Oral tradition preserves her stories. There is no ancient written text. Ethnographers working in the twentieth century recorded accounts from devotees, but the tradition itself is older, though how much older is contested.

The ningyo of Japan

The ningyo of Japanese folklore is a fish-person, sometimes beautiful, sometimes monstrous. Early accounts describe it as having a human face and a fish's body, with scales and fins. Eating its flesh grants immortality or long life, but catching one brings storms and disaster.

The ningyo appears in medieval Japanese texts and artwork, often as a creature of omen. It is not a seducer or a singer. It is a boundary creature, a sign that the natural order has been disturbed. Some ningyo are male, some female. The gender is less important than the liminality.

The ningyo is not a borrowing from European mermaid lore. The traditions developed independently, though later Meiji-era Japan encountered Western mermaid imagery and the two began to merge in popular culture.

Oannes and Atargatis in the ancient Near East

Oannes is a fish-man described by the Babylonian priest Berossus in the third century BCE. He emerges from the sea each day to teach humanity writing, law, and agriculture, then returns to the water at night. He is a culture hero, not a seducer. His form is human above, fish below, the inverse of the later mermaid.

Atargatis is a Syrian goddess, sometimes called Derketo by the Greeks, who is depicted with a fishtail in later Hellenistic and Roman art. Her cult centers were in Hierapolis and Ashkelon. She is a fertility goddess, associated with water, fish, and doves. Lucian of Samosata describes her temple and rites in the second century CE, noting the sacred fish pools and the prohibition against eating fish.

Atargatis is not a mermaid in the folklore sense. She is a deity. But her iconography, a woman with a fishtail, influenced later Mediterranean and Near Eastern depictions of water spirits. The line between goddess and creature is porous in the ancient world.

The song and the danger

The song is the thread that ties these traditions together. Whether bird-woman or fish-tailed spirit, the mermaid's voice is her power. It lures, it enchants, it drowns. The song is knowledge, or prophecy, or simply beauty so overwhelming that reason fails.

In the Odyssey, the sirens promise Odysseus knowledge of all that happens on earth. In medieval bestiaries, the mermaid's song is the voice of temptation, leading men to spiritual ruin. In West African tradition, Mami Wata's call can bring wealth or madness. In British ballads, the mermaid's appearance is a death omen, her song unheard but implied.

The danger is not always malice. Sometimes it is simply the incompatibility of two worlds. The mermaid belongs to the water. The sailor belongs to the land. The song is the moment of contact, and contact is fatal.

  • The siren's song in the Odyssey offers forbidden knowledge, not seduction.
  • Medieval mermaids sing to lure men to sin, a symbol of worldly temptation.
  • Mami Wata's call can grant prosperity or drown the listener, depending on respect and offering.
  • In Japanese ningyo lore, the creature itself is silent; the danger is in the act of capture.
  • Selkie songs, when they appear in ballads, are songs of mourning, not enchantment.

The song is not decoration.
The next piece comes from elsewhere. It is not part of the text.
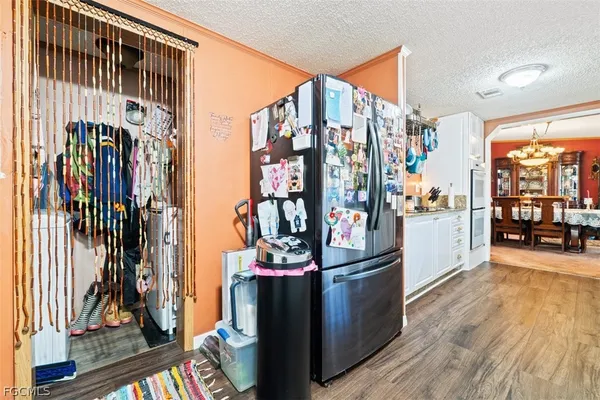 a view of a living room with clothes and toys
It is the mechanism of the myth.

The mermaid as boundary figure

The mermaid, in all her forms, is a creature of the threshold. She lives between water and air, human and animal, life and death. She cannot be fully one thing. This is her power and her tragedy. She marries mortal men but cannot stay. She grants wishes but exacts a price. She sings, and the song is irresistible, and the listener is lost.
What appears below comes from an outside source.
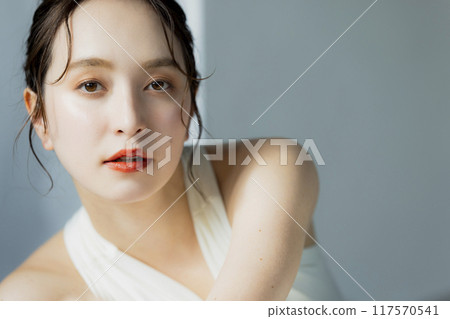 A woman in a white dress A woman in a white dress 117570541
She appears in the same mythic space as the dragon, the vampire, and the werewolf: creatures that test the boundaries of the human. She is less a monster than a reminder that the world is not made for crossing. Some borders cannot be undone.

The mermaid endures because the question endures: what happens when two worlds touch? The answer, in nearly every tradition, is loss.
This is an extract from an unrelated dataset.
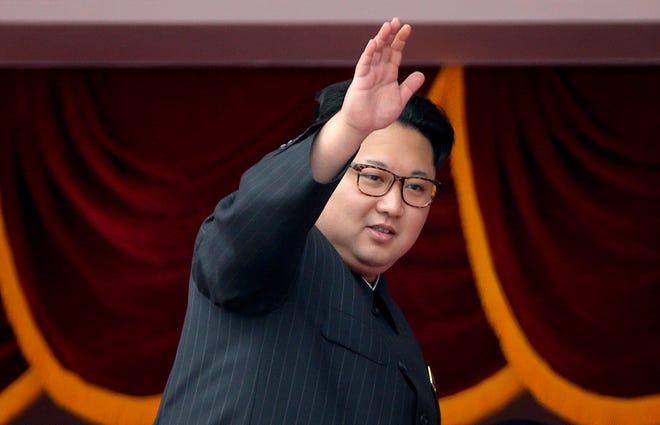 North Korean leader Kim Jong Un waves at parade participants at the Kim Il Sung Square in Pyongyang, North Korea. [AP File Photo/Wong Maye-E)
Frequently asked questions

Are mermaids and sirens the same creature?

Mermaids and sirens are not the same creature, though they have been conflated since the medieval period. Greek sirens, as described in Homer's Odyssey and later classical sources, were part woman and part bird, not fish-tailed beings. The shift from bird-women to fish-tailed figures occurred in medieval Europe, when scribes and artists began depicting sirens with fishtails, possibly influenced by separate mermaid traditions or Near Eastern iconography. By the twelfth century, the two had merged in popular imagination, but their origins are distinct.

Where do mermaids appear in ancient mythology?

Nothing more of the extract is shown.